Prácticas obligatorias de penitencia
La Iglesia ha fijado unos días penitenciales en los que se dediquen los fieles de manera especial a la oración, realicen obras de piedad y de caridad y se nieguen a sí mismos, cumpliendo con mayor fidelidad sus propias obligaciones y, sobre todo, observando el ayuno y la abstinencia.
Son días y tiempos penitenciales todos los viernes del año y el tiempo de Cuaresma. Todos los viernes, a no ser que coincidan con una solemnidad, debe guardarse la abstinencia de carne, o de otro alimento que haya determinado la Conferencia Episcopal. Ayuno y abstinencia se guardarán el miércoles de Ceniza y el Viernes Santo.
La abstinencia obliga a los que han cumplido catorce años. La carne es considerada carne y órganos de mamíferos y aves de corral. También se prohiben las sopas y cremas de ellos. Se permite comer pescado y productos derivados de animales como margarina y gelatina (sin sabor a carne), huevos, lácteos y cualquier condimento a base de grasa de animales.

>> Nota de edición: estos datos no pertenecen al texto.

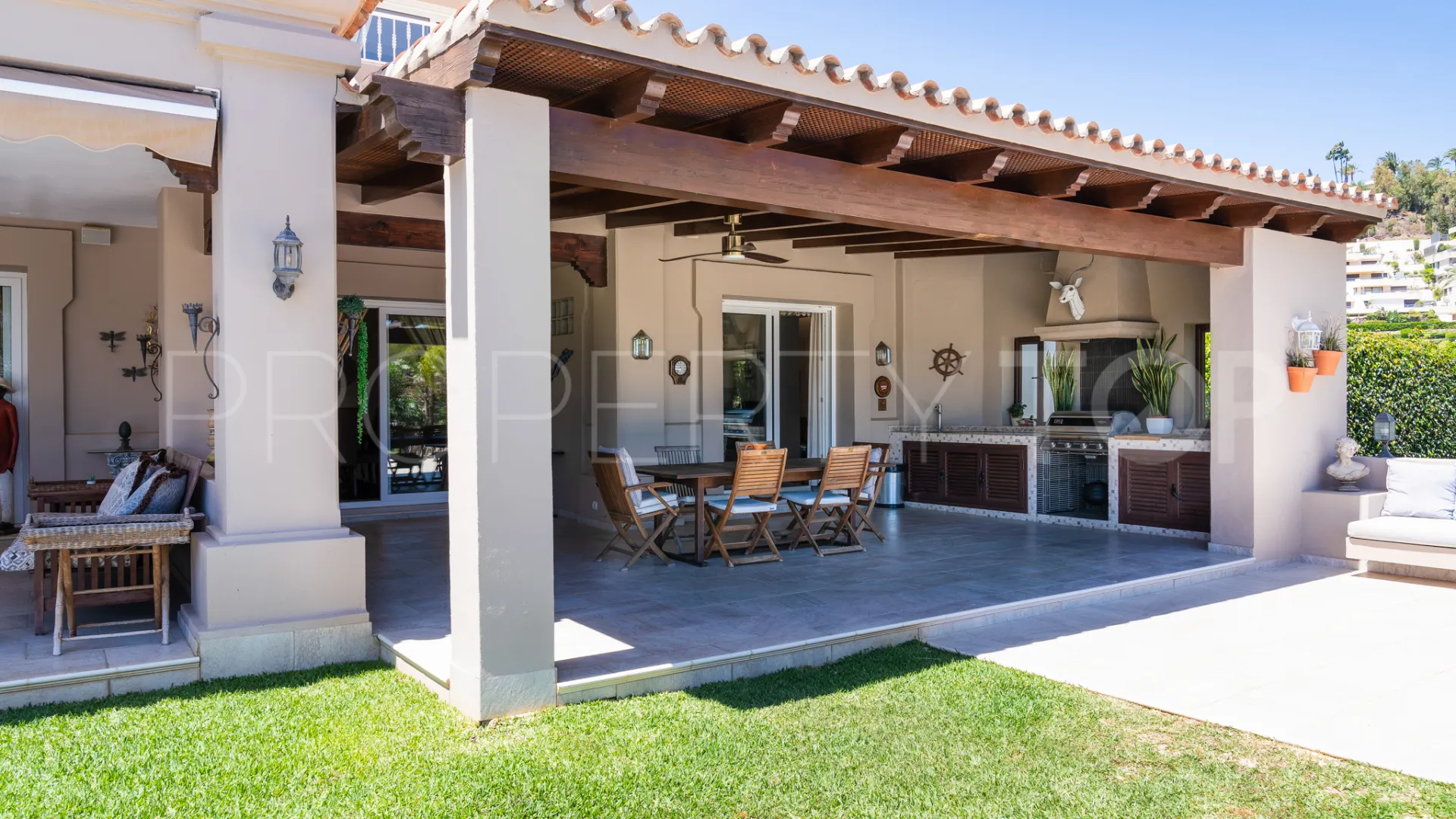 Villa con 7 dormitorios en venta en Nueva Andalucia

El ayuno obliga a todos los mayores de edad hasta que hayan cumplido cincuenta y nueve años. Consiste en reducir la cantidad de comida usual. Se permite una comida más dos comidas ligeras, que juntas no sobrepasen la comida principal en cantidad. El ayuno se rompe si se come entre comidas o se toma algún líquido considerado comida, como batidos, pero no leche.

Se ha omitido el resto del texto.